Materials provided section start

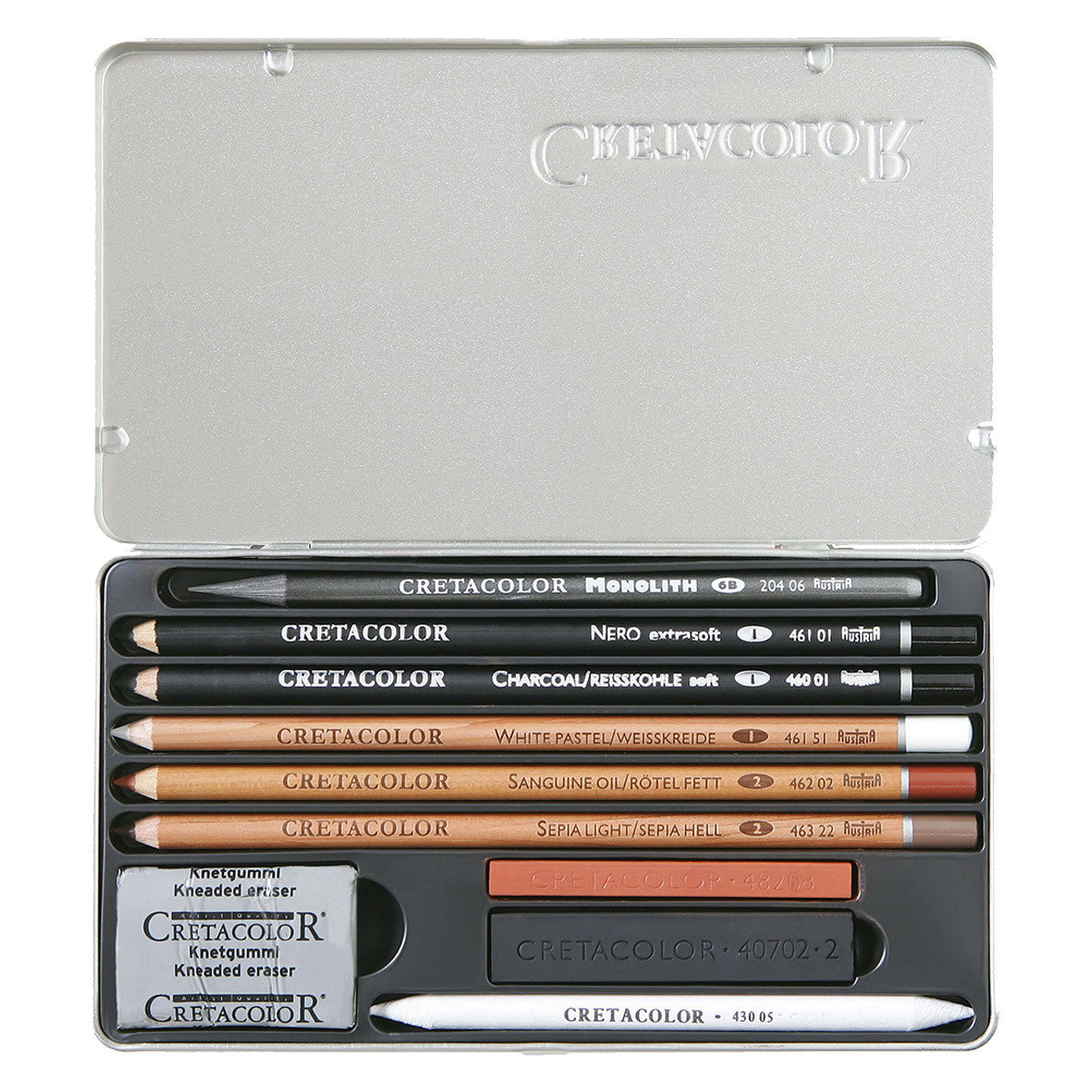 Cretacolor Artino Basic Drawing Tin Set of 10 - (67960)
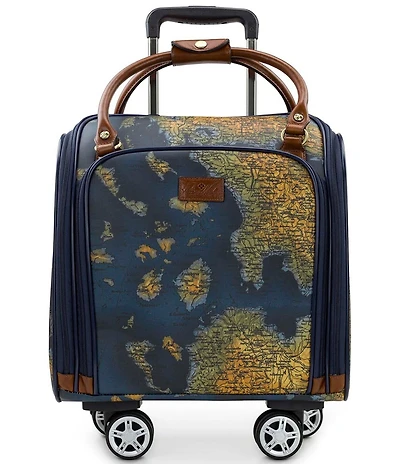 Patricia Nash Greek Map Soft Side Collection 18#double; Underseater Spinner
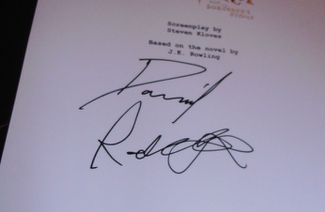 Authentic Daniel Radcliffe  Autograph Exemplar
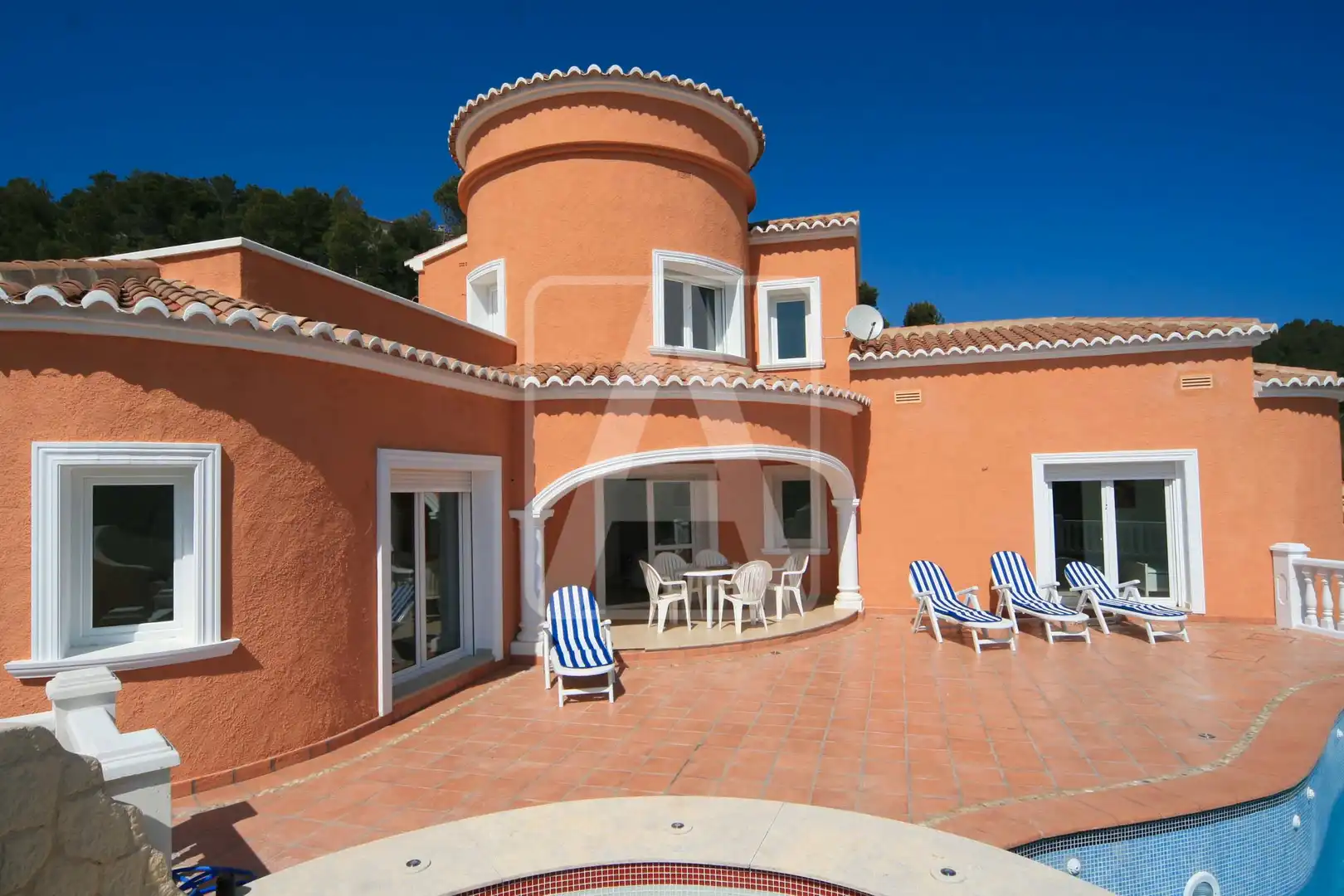 Exterior view of Houses for sale in Jávea / Xàbia  with Air Conditioner, Heating and Private garden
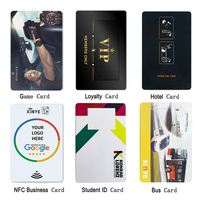 Tarjetas RFID de Alta Seguridad de 13.56mhz Mifare Ultralight AES de 144 Bytes con Número Impreso para Hostelería, Tarjeta de Acceso Básica para Huéspedes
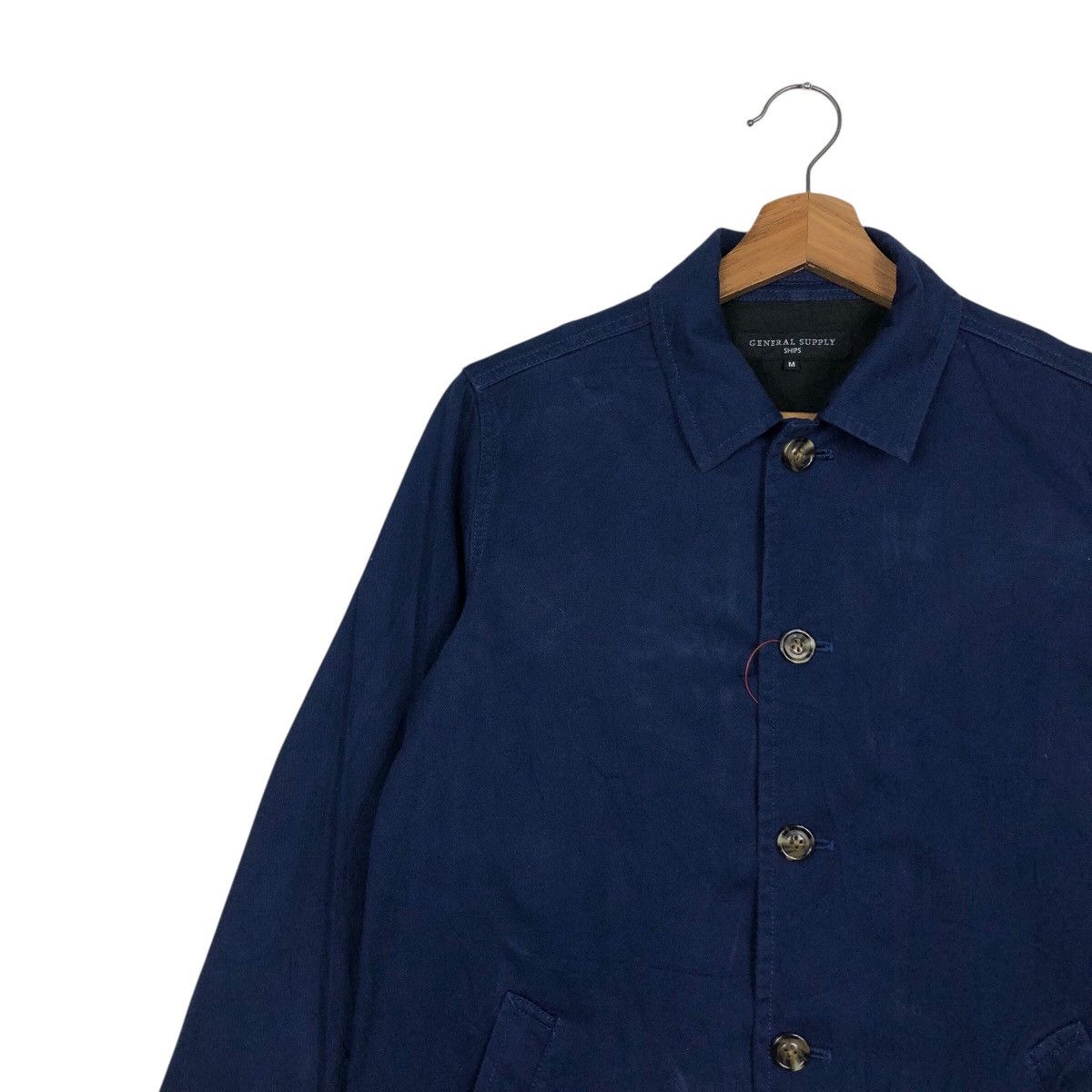 SHIPS 📌Vintage Chore Wool Jacket General Supply Ships Issey Miyake Size US M / EU 48-50 / 2 - 8 Thumbnail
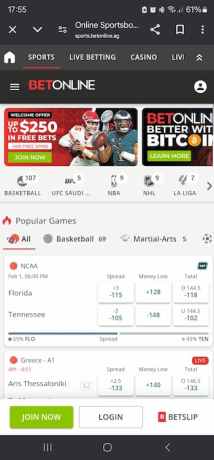 BetOnline New Mexico Sports Betting Mobile Site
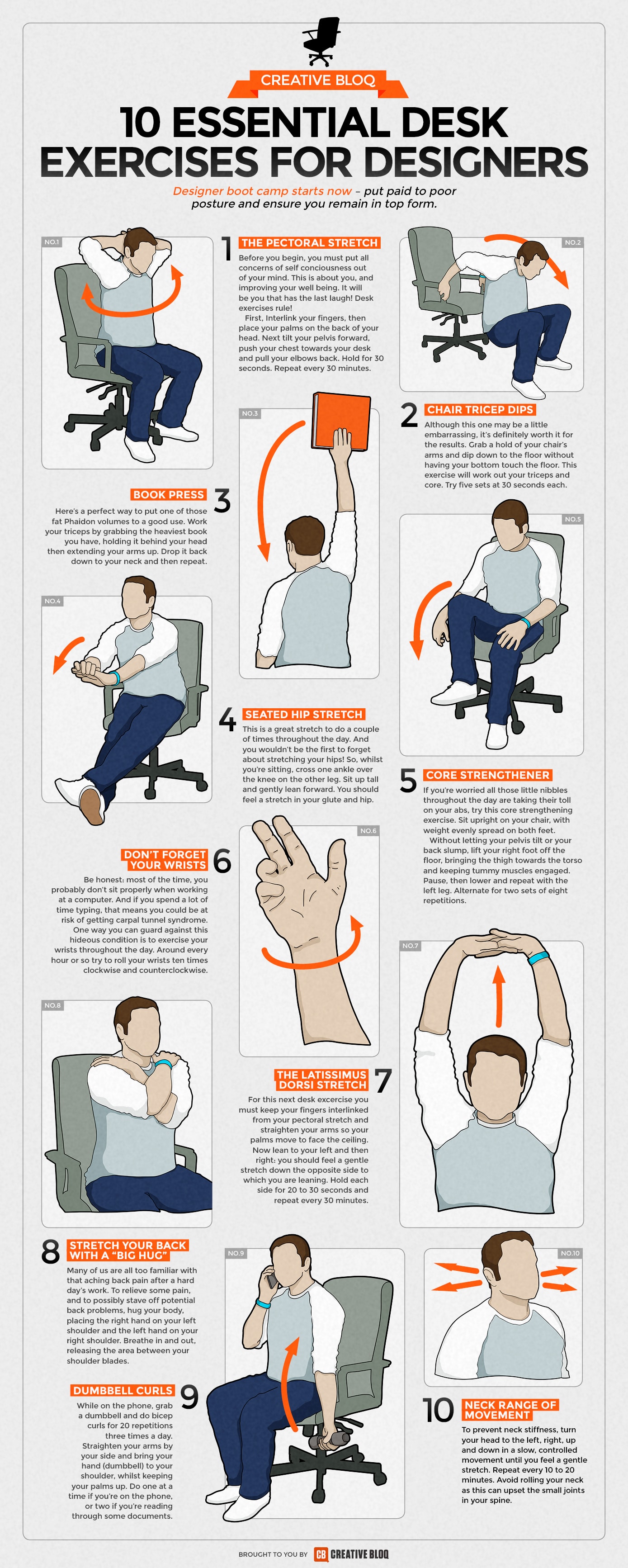 10 Essential Desk Exercises For Designers 10 Essential Desk Exercises For Designers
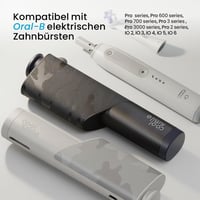 Husă de călătorie CoolSmile pentru periuțe de dinți electrice Oral-B cu încărcare Type-C, etui rigid cu orificii de ventilație, pentru seria Oral-B Pro/iO, negru 2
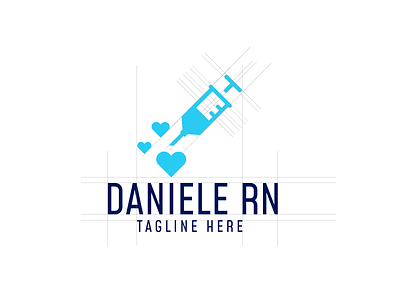 Daniele RN beauty logo body doctor face love medicine needle silicone surgery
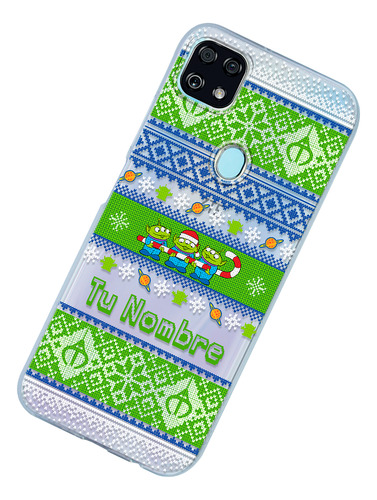 Funda Para Zte Marcianitos Ugly Sweater Navidad Con Nombre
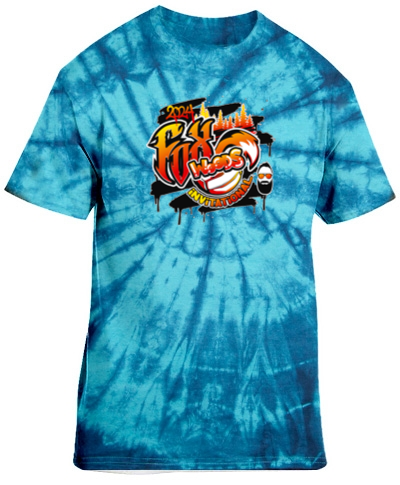 Tie-Dye Blue Short Sleeve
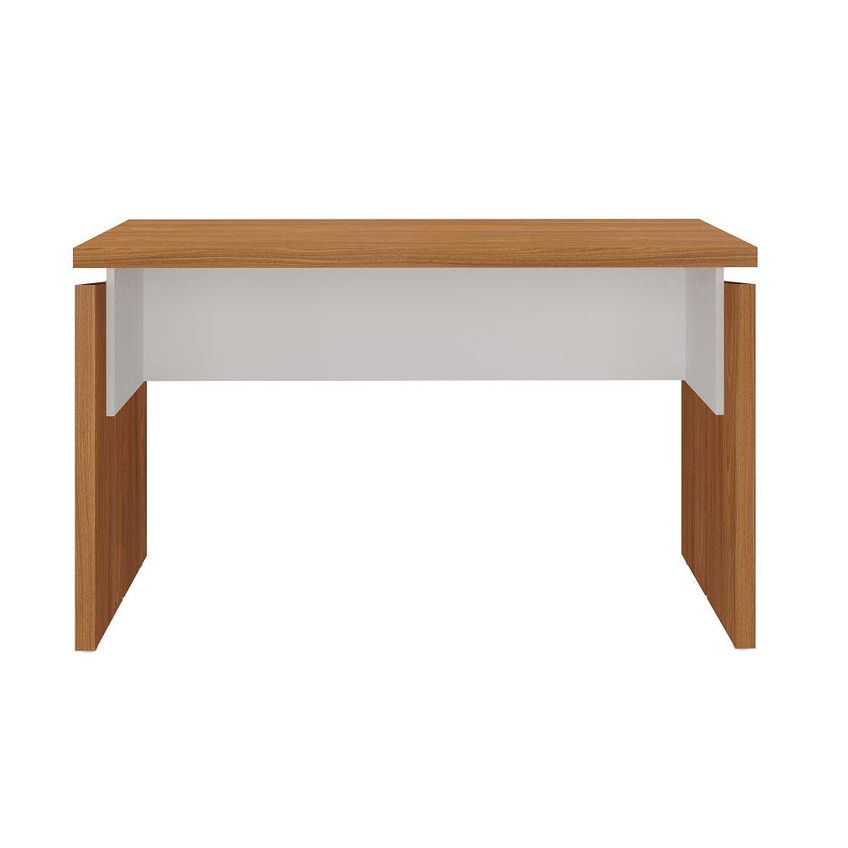 Mesa Escrivaninha Y37 Cor Freijó/Branco Artany - imagem 5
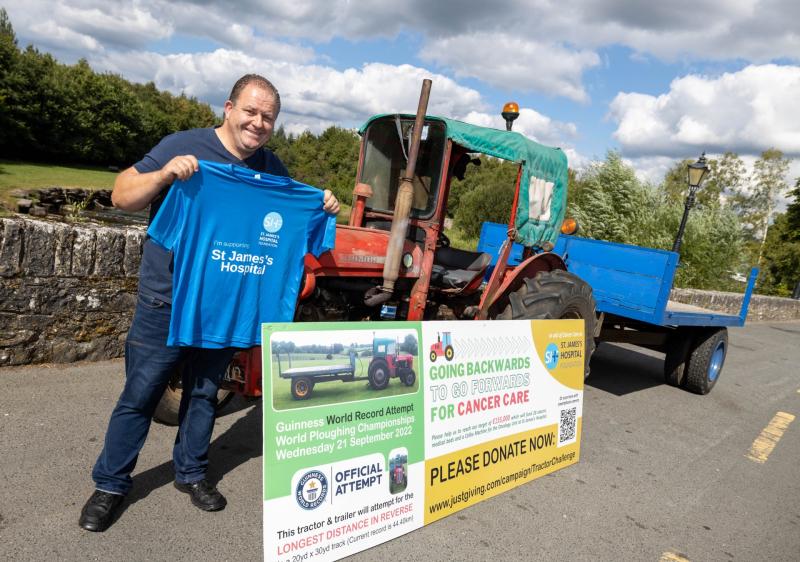 Laois man to attempt tractor driving Guinness world record at National Ploughing Championships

Materials provided section end

• Your task
Exactly the lines from the start of the entries above through the line with "Tarjetas RFID de" should be reproduced, and nothing else; drop the pictures.

• Solution for this task
 Cretacolor Artino Basic Drawing Tin Set of 10 - (67960)
 Patricia Nash Greek Map Soft Side Collection 18#double; Underseater Spinner
 Authentic Daniel Radcliffe  Autograph Exemplar
 Exterior view of Houses for sale in Jávea / Xàbia  with Air Conditioner, Heating and Private garden
 Tarjetas RFID de Alta Seguridad de 13.56mhz Mifare Ultralight AES de 144 Bytes con Número Impreso para Hostelería, Tarjeta de Acceso Básica para Huéspedes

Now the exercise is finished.